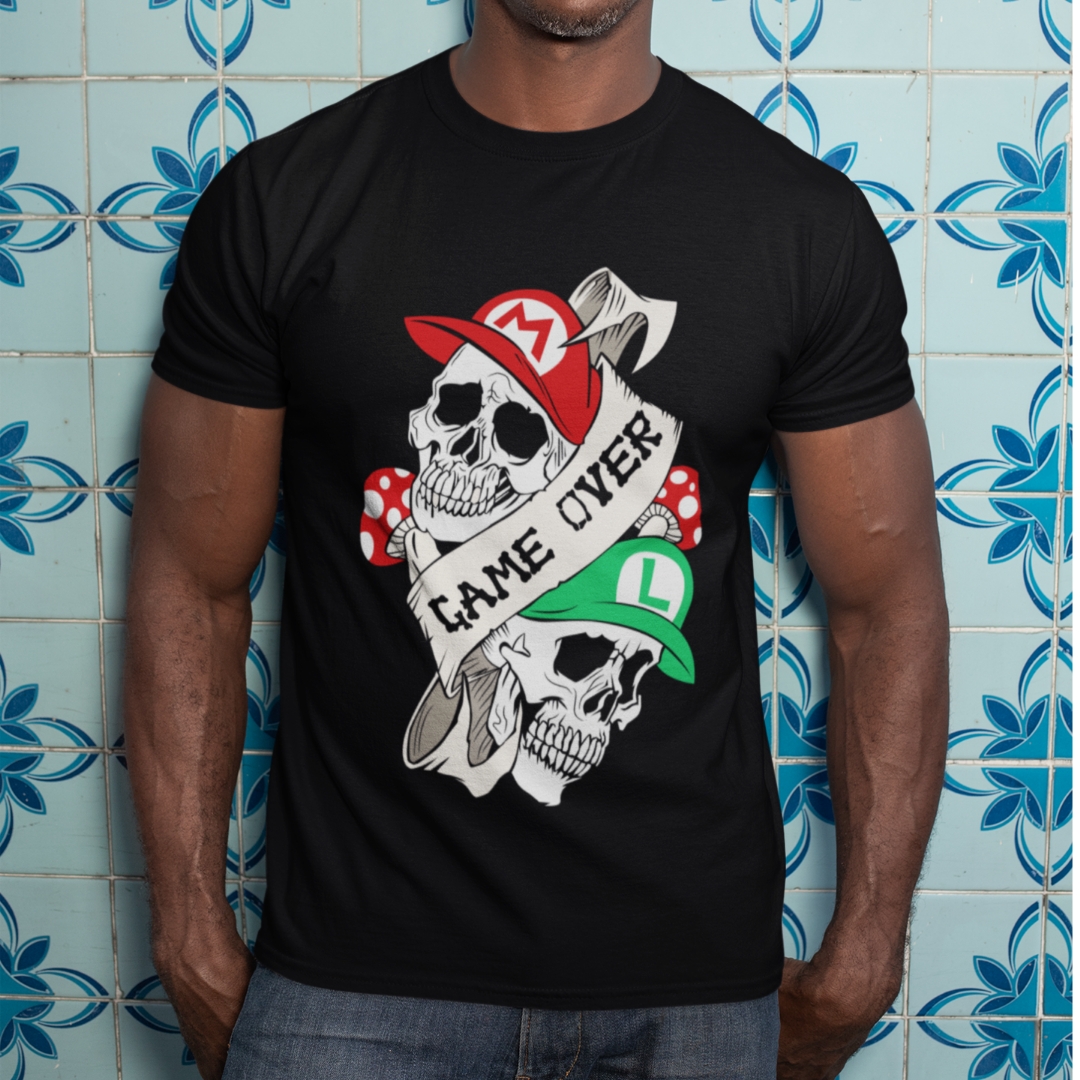 Nome do produto: Camisa Super Mário (Ref.: 0011)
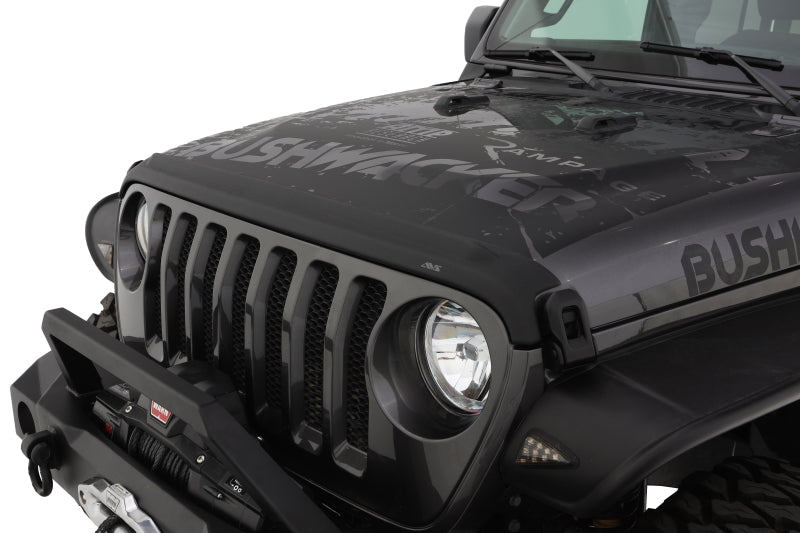 AVS 2018+ Jeep Wrangler (JL) 2dr/4dr Aeroskin II Textured Low Profile Hood Shield - Black - 436148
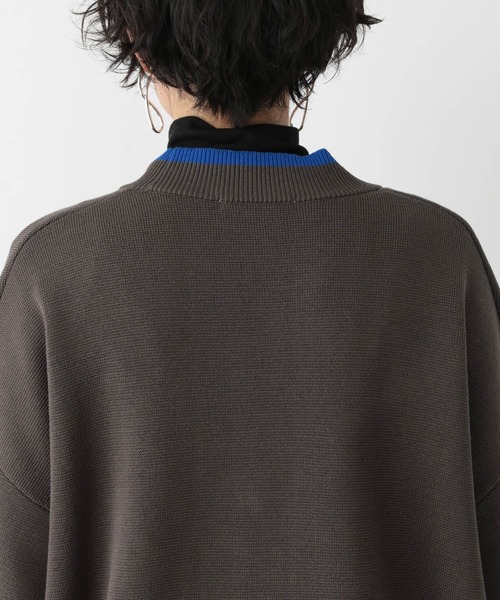 RAGEBLUE（レイジブルー）の「配色ミラノリブカーディガン（カーディガン/ボレロ・レディース・ホワイト/グリーン/レッド/グレー・FREE）」の11枚目の写真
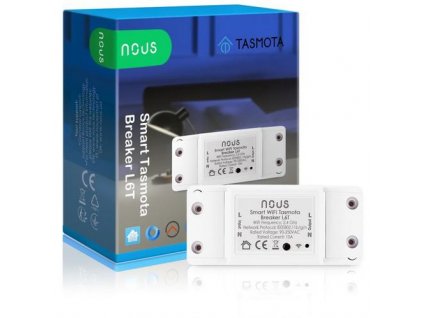 NOUS L6T smart integrovaný spínač, WiFi switch 10A, kompatibilní s Tasmota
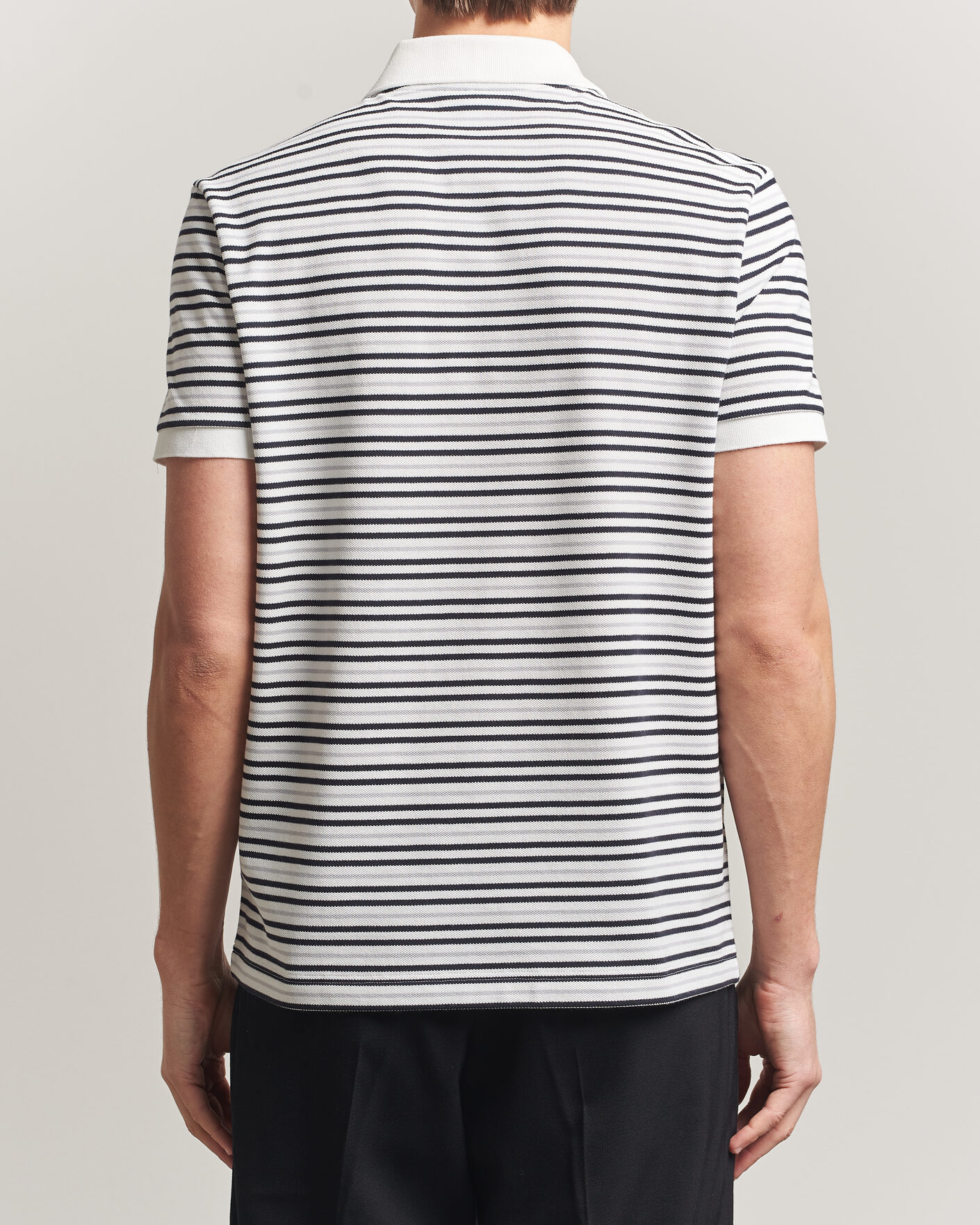 Herr | Pikéer | Lacoste | Original Striped Polo Piké Blackbird/Flour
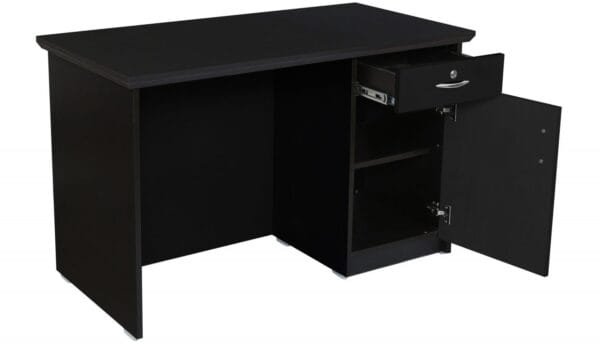 Buy Office Table (Finish Color - Wenge, Pre-assembled) Online - Image 3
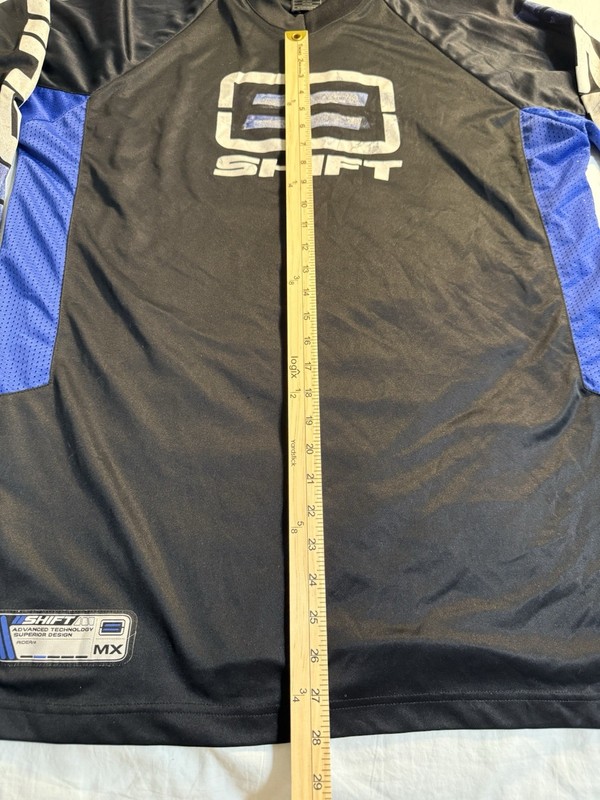 Shift Racing Motocross Jersey Mens XL Black Blue Recon Vented Long Sleeve gallery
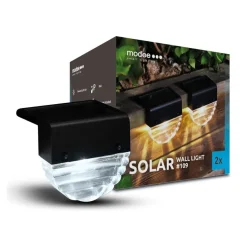 LED Wandleuchte Solar - IP44 6Lm - 4000K Neutralweiß + RGB - Duo-Pack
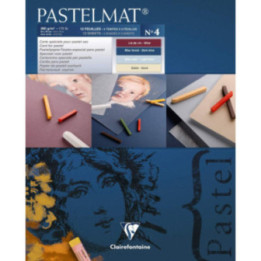 Bloc dessin A4 pastelmat 12 feuilles 24x30cm 4 teintes N°4 - Clairefontaine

WHAT THE EXERCISE ASKS = Restate every line of the listing exactly. Pictures are not part of the copy.

EXERCISE OUTPUT =
 Nome do produto: Camisa Super Mário (Ref.: 0011)
 AVS 2018+ Jeep Wrangler (JL) 2dr/4dr Aeroskin II Textured Low Profile Hood Shield - Black - 436148
 RAGEBLUE（レイジブルー）の「配色ミラノリブカーディガン（カーディガン/ボレロ・レディース・ホワイト/グリーン/レッド/グレー・FREE）」の11枚目の写真
 NOUS L6T smart integrovaný spínač, WiFi switch 10A, kompatibilní s Tasmota
 Herr | Pikéer | Lacoste | Original Striped Polo Piké Blackbird/Flour
 Buy Office Table (Finish Color - Wenge, Pre-assembled) Online - Image 3
 Shift Racing Motocross Jersey Mens XL Black Blue Recon Vented Long Sleeve gallery
 LED Wandleuchte Solar - IP44 6Lm - 4000K Neutralweiß + RGB - Duo-Pack
 Bloc dessin A4 pastelmat 12 feuilles 24x30cm 4 teintes N°4 - Clairefontaine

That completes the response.